Et bien, un animal, c'est l'ensemble des êtres vivants qui partagent des propriétés communes comme par exemple le collagène. Cette protéine fibreuse que nous avons dans la peau et qui assure la texture des organes en quelque sorte, un spermatozoïde particulier qui possède notamment un petit capuchon en avant de la tête, en partie antérieure, des boutons pression entre les cellules qu'on appelle des jonctions serrées et ce qui fait la cohésion d'un animal précisément, et puis toute une série de traits communs dans la structure des gènes et qui font que le groupe des animaux est un groupe d'origine unique et qui comprend un ancêtre et tous ses descendants. Dès lors, les animaux ce sont les éponges, ce sont les méduses, ce sont les fourmis, les crabes, les mollusques, les salamandres, etc., l'humain compris donc puisque nous avons ces propriétés.

L'humain est un animal du point de vue de la zoologie. Rien de ce qui fait un humain parce qu'il a un langage articulé, ne l'empêche d'être invertébré parce qu'il présente des vertèbres, ne l'empêche d'être un animal parce qu'il a du collagène.
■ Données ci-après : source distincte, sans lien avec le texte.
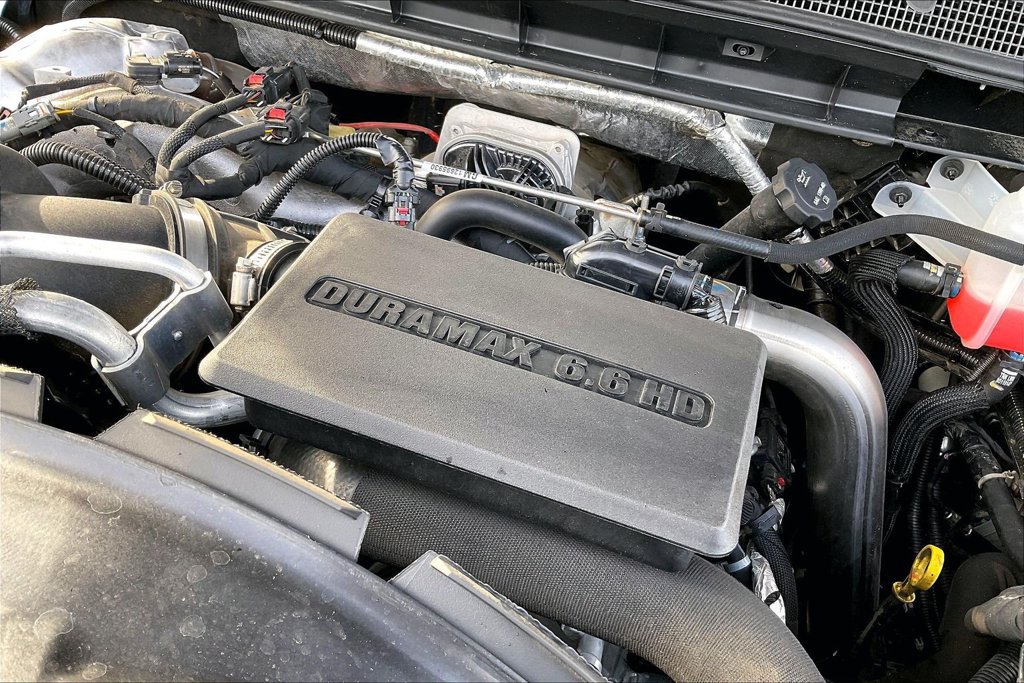 Used 2024 Chevrolet Silverado 2500 Custom w/ Custom Value Package AWD/4WD image 36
Rien de ce qui fait l'humain d'un animal parce qu'il a du collagène, ne l'empêche d'être humain en propriété surnuméraire, notamment le langage articulé, le partage par emboîtement, une classification par emboîtement et donc beaucoup plus riche, et elle n'exclut pas, elle inclut, elle est beaucoup plus riche qu’une logique de coupure. C'est ainsi que nos classifications sont des groupes, des taxons emboîtés les uns dans les autres. L'homme est défini. Les animaux sont définis également.
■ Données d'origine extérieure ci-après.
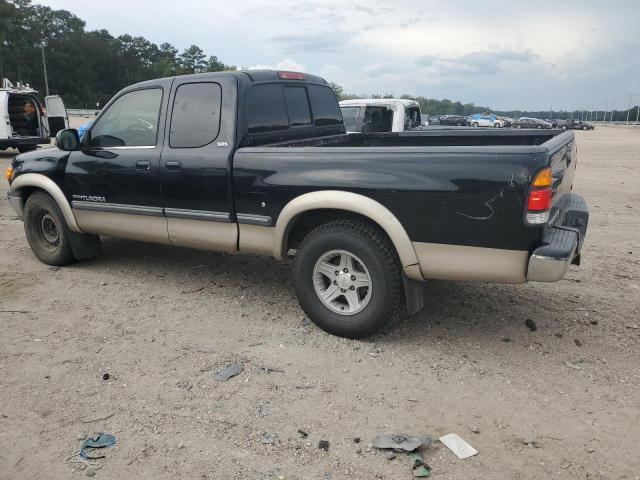 Photo 1 VIN: 5TBRT3410YS101446 - TOYOTA TUNDRA ACC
L'homme est un animal, l'homme est un vertébré, l'homme est un singe également. Voyons pourquoi : les singes sont traditionnellement définis comme la fusion du frontal droit et du frontal gauche en un seul frontal. La fusion du dentaire droit du dentaire gauche en un seul dentaire. Eh bien ici, nous avons à gauche un crâne de loup. On voit bien une suture au milieu, c’est bien que les frontaux ne sont pas fusionnés et que, il y a aussi une suture dentaire, ce qui montre que les deux dentaires ne sont pas fusionnés. Tandis qu'à gauche, sur le crâne humain, il n'y a plus de suture ni entre les frontaux ni entre les dentaires. Les humains sont donc des singes, du point de vue zoologique.

Ainsi, la classification d'aujourd'hui, la science des classifications ne consiste pas, ne consiste plus à faire de l'humain le centre du monde, et c'est ce qu'on appelait un anthropocentrisme. Les classifications ne consistent pas non plus à projeter sur le monde animal qui n'est jamais défini des propriétés que nous penserions intrinsèquement humaines. C'est ce qu'on appellerait un anthropomorphisme. Non, nous pratiquons à l'inverse ce qu'on appelle anthropomorphisme inversé, c'est-à-dire que nous acceptons de voir en nous-mêmes les parties de notre mosaïque anatomique qui font de nous des animaux, qui font de nous des vertébrés et qui font de nous des singes. En quelque sorte avec ce programme classificatoire en rapport avec l'évolution bien sûr, Darwin n’anthropomorphise pas les animaux : à l'inverse, Darwin nous engage à zooligiser l'homme.